Daniel Defoe’s Robinson Crusoe would have been perfect for a 3QR table of contents—if 3QR had existed when he wrote it. Defoe had fictionalized the story of a true castaway, Alexander Selkirk, and in doing so gave us the internal world of his journal-writing, if ever-practical, fictional character. One of my favorite poems, Elizabeth Bishop’s “Crusoe in England,” takes Defoe’s fictionalizing one step further by writing as if she is the sadly rescued Crusoe. There was more than a little autobiography here: in a letter to her friend Robert Lowell, she called herself the loneliest person who ever lived.
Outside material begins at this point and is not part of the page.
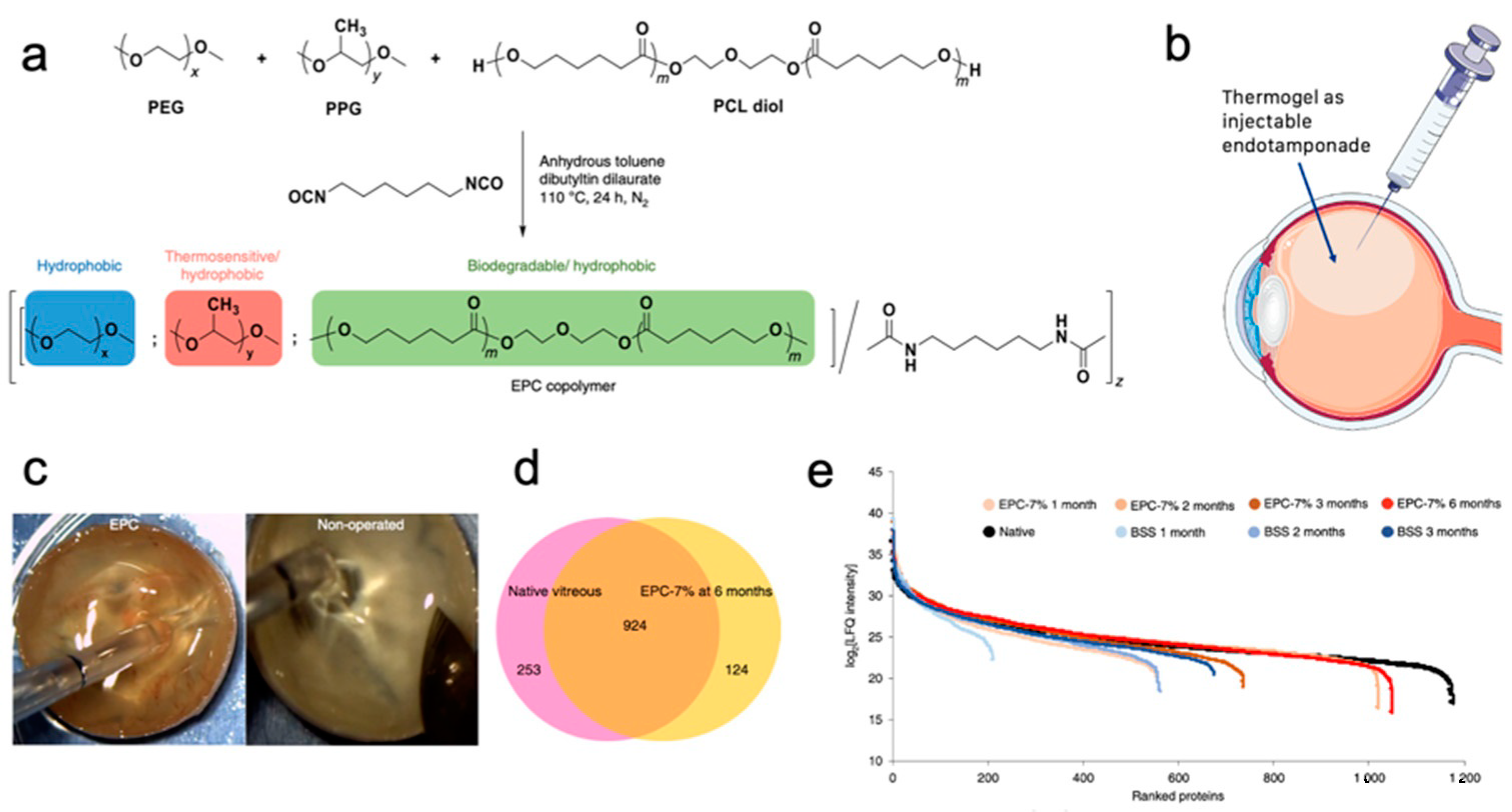 Gels 07 00077 g006 550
But it was W.H. Auden, another of my favorite writers, who was the immediate catalyst for my sestina “Crusoe’s Footprint.” If, as Auden says, the free verse writer is like Crusoe in having to do “all his cooking, laundry, and darning for himself,” then which poetic form would provide the maximum opportunities for mastery? The sestina, I supposed. This form that prescribes which of six words must conclude every line, and in a prescribed order, is a sort of “company” for the poet—whispering in her ear what to write. Oh, wait. Is that mastery or servitude?
The only way the sestina-writer can wriggle out of her confinements is to use the end-words in multiple ways. For instance, in this poem, I make “keys” into typewriter keys, the keys on a map, the keys to happiness, the “quais” in Auden’s elegy to Yeats, as well as the poet Weldon Kees, the Florida Keys (where Bishop lived), and “lackeys,” as in—servants. In a sense, you could say that in sestinas, the meaning of each end word is only “true” for a moment.